Start of DATA TO USE

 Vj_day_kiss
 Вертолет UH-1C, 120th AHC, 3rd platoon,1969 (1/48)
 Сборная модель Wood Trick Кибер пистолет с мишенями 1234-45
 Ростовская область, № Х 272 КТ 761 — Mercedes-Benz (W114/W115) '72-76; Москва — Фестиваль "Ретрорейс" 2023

End of DATA TO USE
Start of DATA TO USE

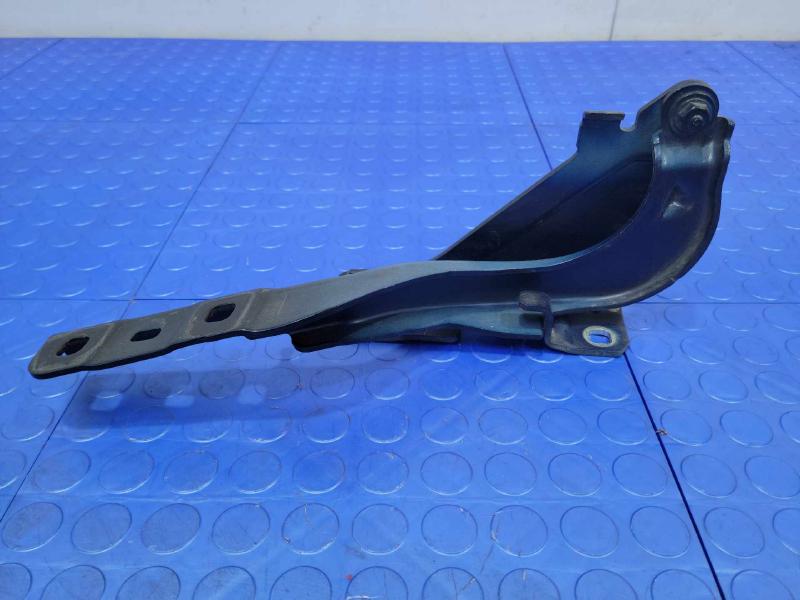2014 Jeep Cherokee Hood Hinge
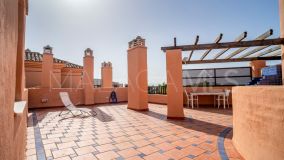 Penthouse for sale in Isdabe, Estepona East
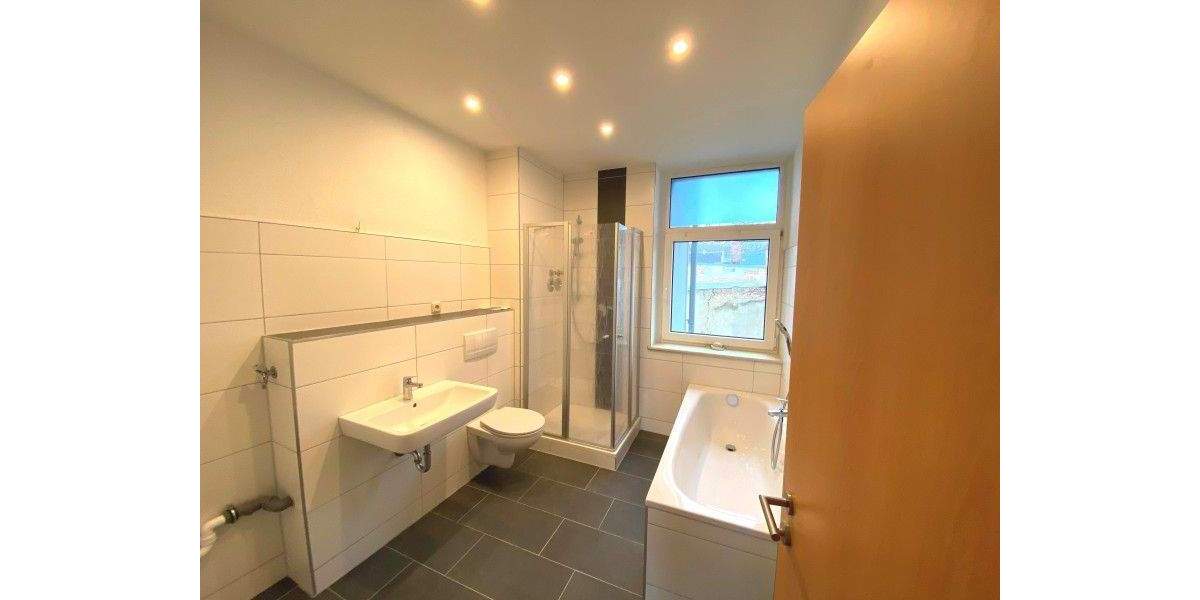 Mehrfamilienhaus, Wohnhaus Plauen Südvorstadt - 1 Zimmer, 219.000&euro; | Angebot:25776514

End of DATA TO USE
Start of DATA TO USE

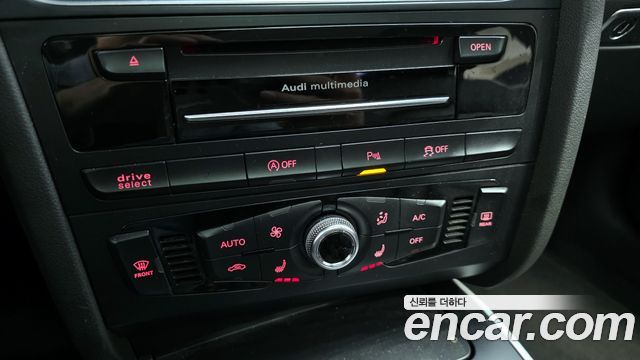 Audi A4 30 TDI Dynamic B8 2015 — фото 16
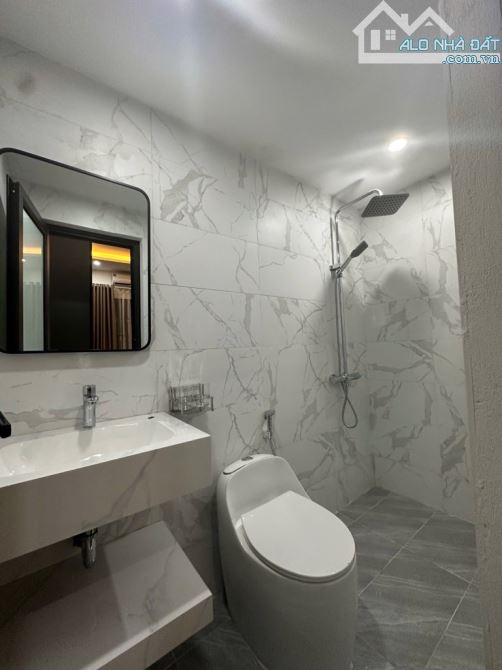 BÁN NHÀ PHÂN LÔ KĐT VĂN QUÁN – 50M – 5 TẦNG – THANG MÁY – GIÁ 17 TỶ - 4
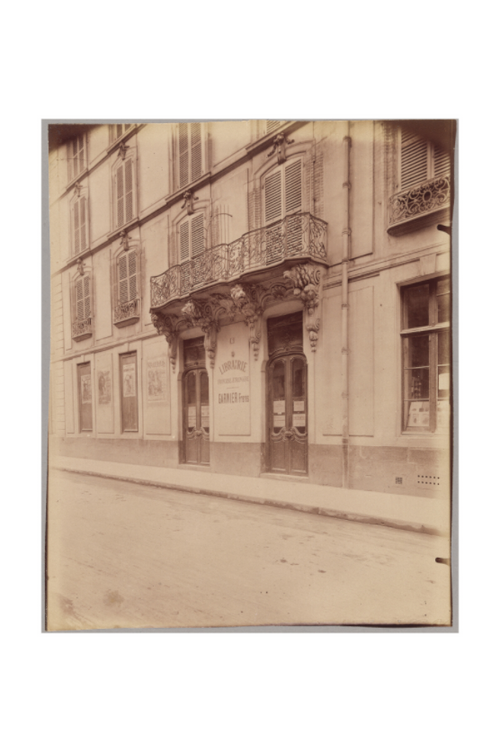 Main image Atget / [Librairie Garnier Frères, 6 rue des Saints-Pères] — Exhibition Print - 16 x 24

End of DATA TO USE

What are the lines above from the one with "2014 Jeep Cherokee Hood Hinge" to the one with "Mehrfamilienhaus, Wohnhaus Plauen", both included? Reproduce them exactly, without pictures.

2014 Jeep Cherokee Hood Hinge
 Penthouse for sale in Isdabe, Estepona East
 Mehrfamilienhaus, Wohnhaus Plauen Südvorstadt - 1 Zimmer, 219.000&euro; | Angebot:25776514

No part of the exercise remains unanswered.